It’s been two weeks since Bryan left this world. I look at this statement and it still doesn’t click in my brain sometimes.
I’m a bit of a loner by nature. I love people and I love being out and having fun, but I also enjoy quiet solitude. I can go for days without talking with anyone. That nature allows me to be alone and it not be a major factor while I go through the crazy cycle of emotions. I’m not lonely for people. I’m lonely for my buddy. I’m lonely for one of the few people who truly knew me. I’m lonely for the sound of his voice, the flirty way he would dance with me in the kitchen, the sweet texts he would send, the beautiful flowers he would surprise me with whether it was a special occasion or simply just because.

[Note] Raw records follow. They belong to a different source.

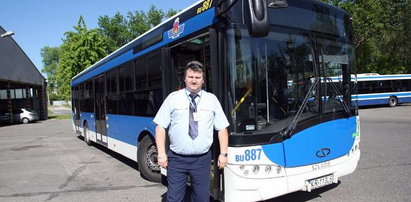 Pojedziemy nowymi autobusami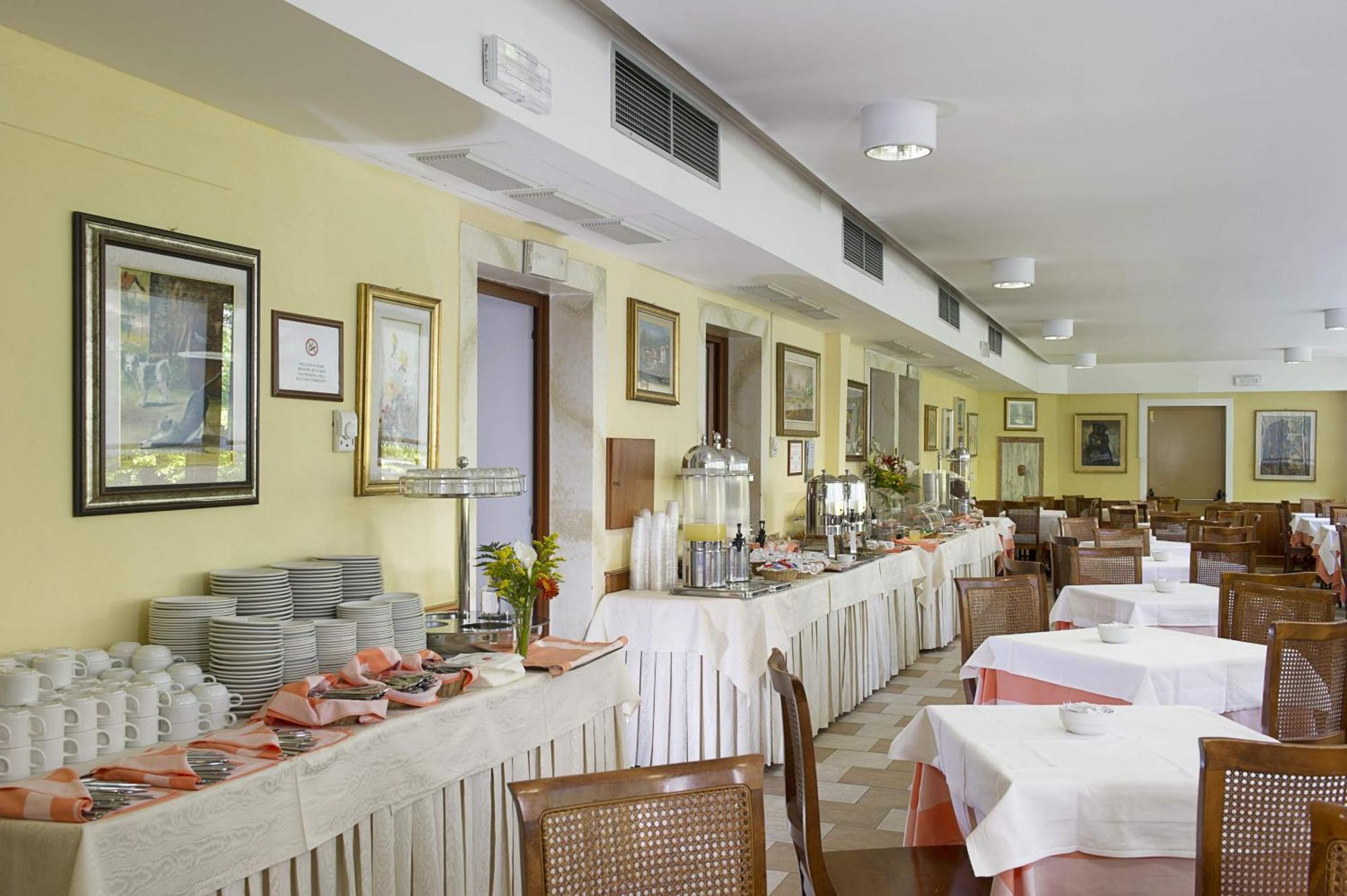 Hotel Nazionale Venetië Buitenkant foto
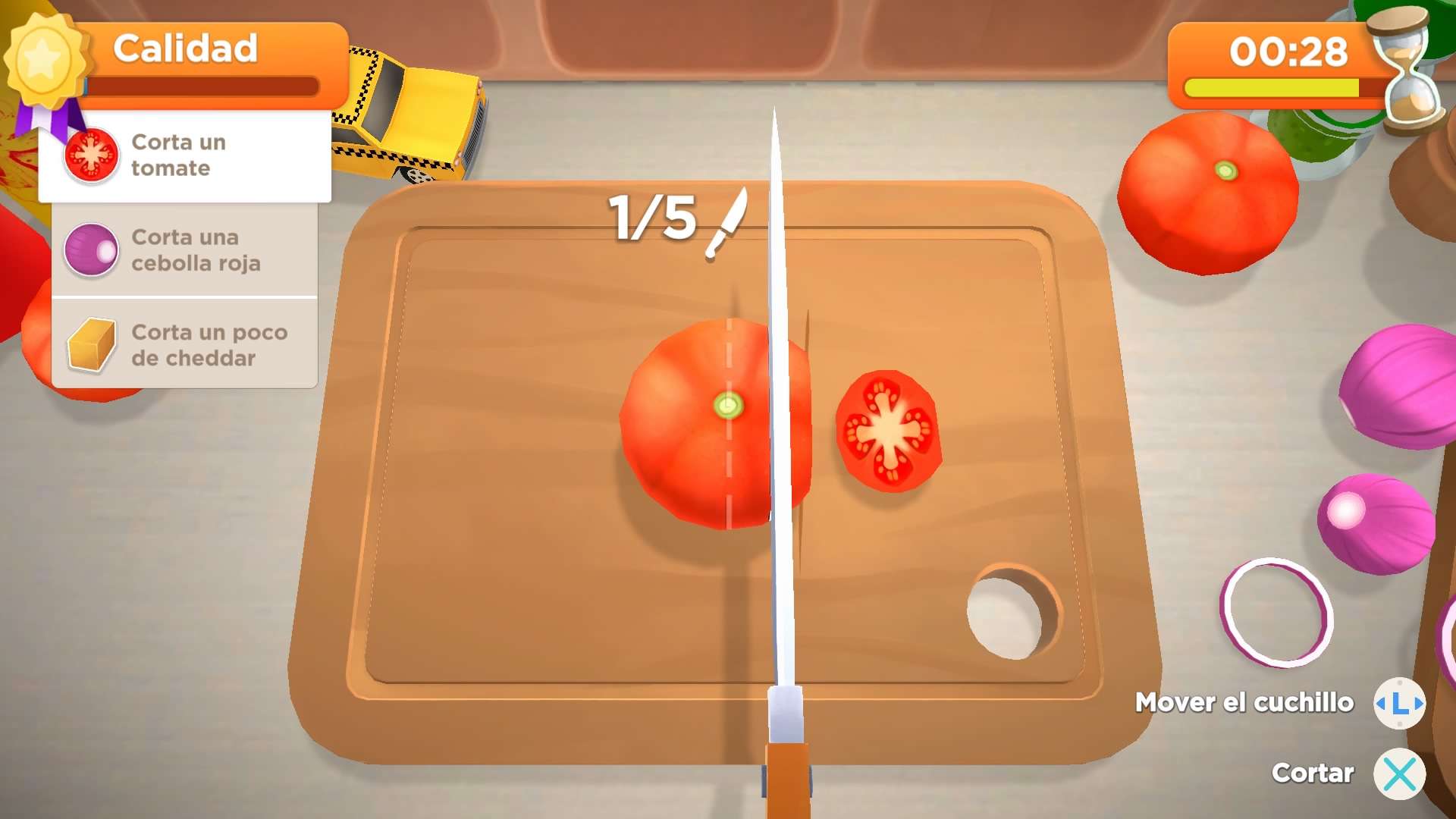 My Universe - Cooking Star Restaurant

I’ve been keeping myself busy working during the day and organizing at night. I want to show him the picture I hung in the bathroom. I want him to see where I put the desk. I want to compare notes with my NCAA Tournament bracket and hear him give me grief about my choices. It’s those stark, brutal, empty moments of reality that make me want to crawl under the covers and hide from life.
But I get through those moments. Kristoff will need to be fed. I’ll have laundry to do. I’ll have errands to run. A friend will call to see if I want to go to dinner. Life goes on. The dark and empty moment will pass and I will start to feel just a little better about life.
One Republic came out with a single, “I Lived”. Bryan showed it to me when it first came out. The teenager in the video who has cystic fibrosis has an uncanny resemblance to what Bryan looked like as a teenager. They even share the same name. I believe in those beautiful moments of serendipity. Do you?